Ewa róż w donicach mieć nie mogę, nie mam ich gdzie przechować przez zimę. Do Warszawy ich nie będę targać, bo też nie mam gdzie przetrzymać. Niestety ta opcja odpada. Cienia zawsze się kawałek znajdzie

.
Ania zobaczę ile uda mi się teraz jesienią zrobić, jak nie zdążę to zostaje wiosna na zamawianie, ewentualnie jeszcze później już w donicach. To
tylko jakieś 7-8 miesięcy
Kerii hosty akurat faktycznie w tym roku się rozrosły, ale reszta to tak sobie powoli idzie, troszku jak krew z nosa.
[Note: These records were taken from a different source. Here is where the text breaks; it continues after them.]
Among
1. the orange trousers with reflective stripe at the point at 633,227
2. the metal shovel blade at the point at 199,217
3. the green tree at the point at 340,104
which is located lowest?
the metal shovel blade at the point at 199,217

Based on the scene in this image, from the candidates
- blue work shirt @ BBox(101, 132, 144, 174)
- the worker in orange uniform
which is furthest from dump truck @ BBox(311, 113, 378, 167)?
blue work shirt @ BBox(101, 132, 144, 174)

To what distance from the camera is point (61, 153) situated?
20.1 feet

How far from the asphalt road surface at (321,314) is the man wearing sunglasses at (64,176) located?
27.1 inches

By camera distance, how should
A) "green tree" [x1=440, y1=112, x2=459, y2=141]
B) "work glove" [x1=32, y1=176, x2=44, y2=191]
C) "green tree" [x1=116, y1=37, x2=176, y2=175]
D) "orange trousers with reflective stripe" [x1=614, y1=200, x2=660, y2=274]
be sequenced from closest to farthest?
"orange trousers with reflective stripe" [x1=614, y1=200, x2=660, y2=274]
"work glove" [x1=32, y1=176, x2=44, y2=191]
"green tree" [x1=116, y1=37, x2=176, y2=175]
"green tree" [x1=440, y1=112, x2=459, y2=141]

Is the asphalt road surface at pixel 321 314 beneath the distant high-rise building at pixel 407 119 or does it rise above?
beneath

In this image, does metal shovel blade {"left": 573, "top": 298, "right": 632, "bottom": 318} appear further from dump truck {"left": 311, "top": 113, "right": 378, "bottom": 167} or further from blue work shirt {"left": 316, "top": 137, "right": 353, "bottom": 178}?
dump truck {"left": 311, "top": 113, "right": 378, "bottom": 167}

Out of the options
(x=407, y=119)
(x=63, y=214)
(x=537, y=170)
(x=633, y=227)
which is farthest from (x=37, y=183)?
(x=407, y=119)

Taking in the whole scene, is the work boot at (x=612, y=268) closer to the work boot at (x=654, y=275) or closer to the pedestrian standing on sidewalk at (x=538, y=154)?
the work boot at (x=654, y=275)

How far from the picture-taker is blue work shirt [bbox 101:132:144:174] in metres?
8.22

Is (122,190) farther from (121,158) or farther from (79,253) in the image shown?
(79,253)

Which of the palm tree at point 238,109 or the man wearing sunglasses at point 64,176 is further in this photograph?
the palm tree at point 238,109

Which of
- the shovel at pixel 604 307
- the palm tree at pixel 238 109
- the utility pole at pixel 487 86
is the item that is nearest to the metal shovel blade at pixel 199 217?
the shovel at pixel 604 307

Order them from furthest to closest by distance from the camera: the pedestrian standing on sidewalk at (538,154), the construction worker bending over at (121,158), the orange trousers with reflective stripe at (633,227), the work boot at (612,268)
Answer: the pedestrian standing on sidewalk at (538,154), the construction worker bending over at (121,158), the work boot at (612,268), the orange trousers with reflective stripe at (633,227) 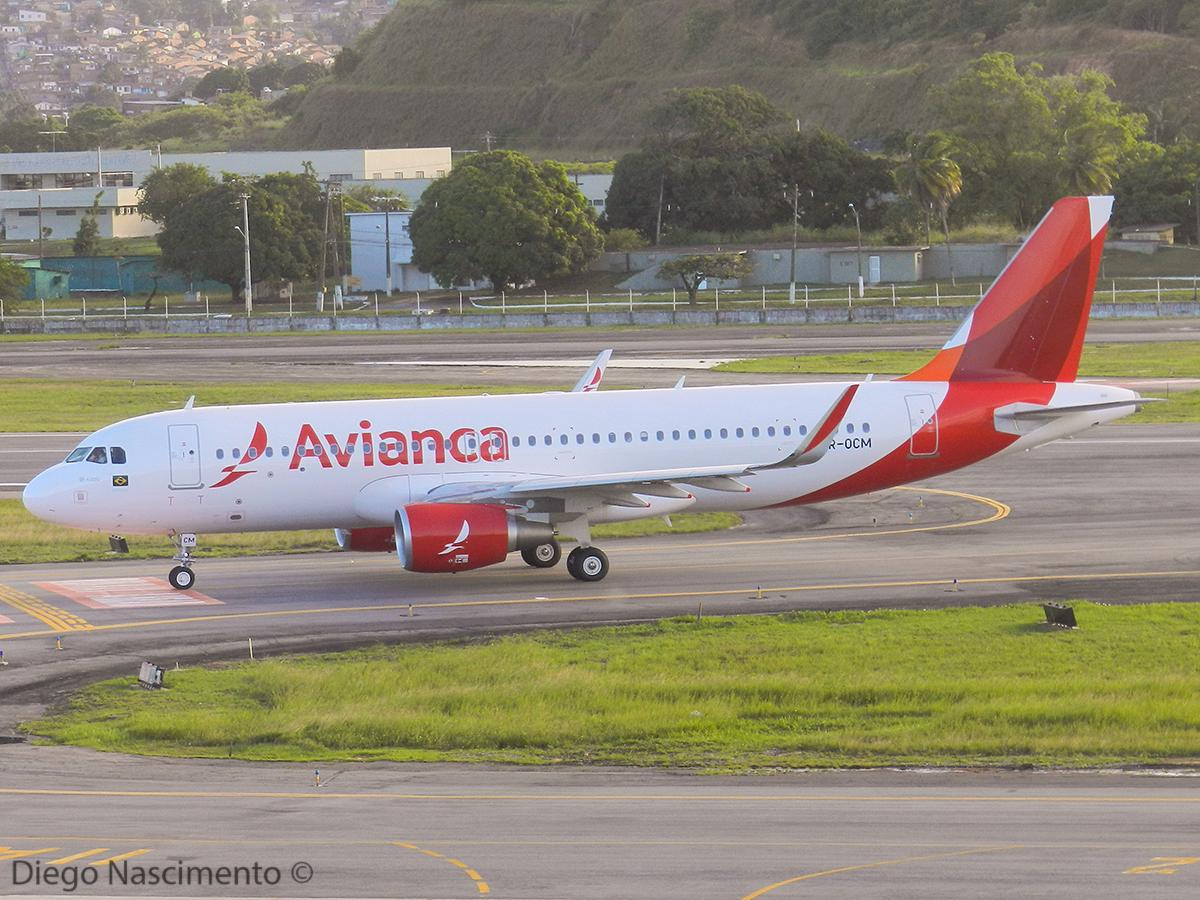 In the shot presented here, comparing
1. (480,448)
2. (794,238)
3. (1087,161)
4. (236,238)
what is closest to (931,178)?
(794,238)

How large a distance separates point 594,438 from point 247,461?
8.09 m

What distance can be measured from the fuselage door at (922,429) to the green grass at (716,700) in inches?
288

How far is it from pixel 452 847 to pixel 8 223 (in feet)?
592

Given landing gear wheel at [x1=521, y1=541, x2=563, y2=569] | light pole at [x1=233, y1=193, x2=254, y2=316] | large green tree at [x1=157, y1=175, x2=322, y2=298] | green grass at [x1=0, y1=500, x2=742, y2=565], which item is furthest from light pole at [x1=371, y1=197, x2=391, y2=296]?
landing gear wheel at [x1=521, y1=541, x2=563, y2=569]

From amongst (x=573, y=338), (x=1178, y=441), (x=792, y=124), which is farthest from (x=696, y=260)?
(x=792, y=124)

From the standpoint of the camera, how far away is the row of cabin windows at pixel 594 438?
3697 cm

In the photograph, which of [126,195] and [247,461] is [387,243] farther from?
[247,461]

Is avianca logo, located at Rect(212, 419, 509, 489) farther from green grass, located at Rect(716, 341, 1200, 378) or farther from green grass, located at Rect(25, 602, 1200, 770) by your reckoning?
green grass, located at Rect(716, 341, 1200, 378)

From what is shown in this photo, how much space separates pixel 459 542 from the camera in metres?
35.0

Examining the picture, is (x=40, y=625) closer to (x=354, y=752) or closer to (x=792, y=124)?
(x=354, y=752)

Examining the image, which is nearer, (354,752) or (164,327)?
(354,752)

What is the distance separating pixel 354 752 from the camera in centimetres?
2456

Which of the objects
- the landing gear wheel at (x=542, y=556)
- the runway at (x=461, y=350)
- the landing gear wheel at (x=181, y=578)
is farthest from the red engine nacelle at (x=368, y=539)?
the runway at (x=461, y=350)

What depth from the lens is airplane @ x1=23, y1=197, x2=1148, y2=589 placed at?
119ft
Ale tak to jest, jak się ma ogródek na odległość niestety
Sylwuś zakupków na balkonie nie ma

(tzn. jeden cyprysik czeka na zlitowanie). Twarda jestem, powiedziałam sobie, że żadnych zakupów jesienią nie robię, tylko kopanie, kopanie, przesadzanie itp. czyli nasze standardowe rewolucyjki

. Ja mam nadzieję, że jak skończysz tę rabatkę to nam ją pokażesz. Jak Ty ją tyle czasu dłubiesz, to nam pewnie szczęki opadną

.
Reniu fajnie Cię widzieć

. Rabata z rododendronami u mnie cały czas w stanie niedokończonym jest. Ale na dzień dzisiejszy tam są tawułki Vision in Red i zawilce białe Whirlwind (malusie na razie, ale nawet zakwitły

). Całkiem z przodu jako obwódka miały być cyprysiki Filifera Aurea Nana, ale są tylko dwa. Sezon minął a ja reszty nie dokupiłam. No i jeszcze cały czas czeka to miejsce na skończenie (czytaj: wywieźć ileś taczek piachu i przygotować podłoże na resztę nasadzeń). To jest jeden z punktów na tegoroczną jesień. I jeszcze placyk na ławeczkę tam zrobić.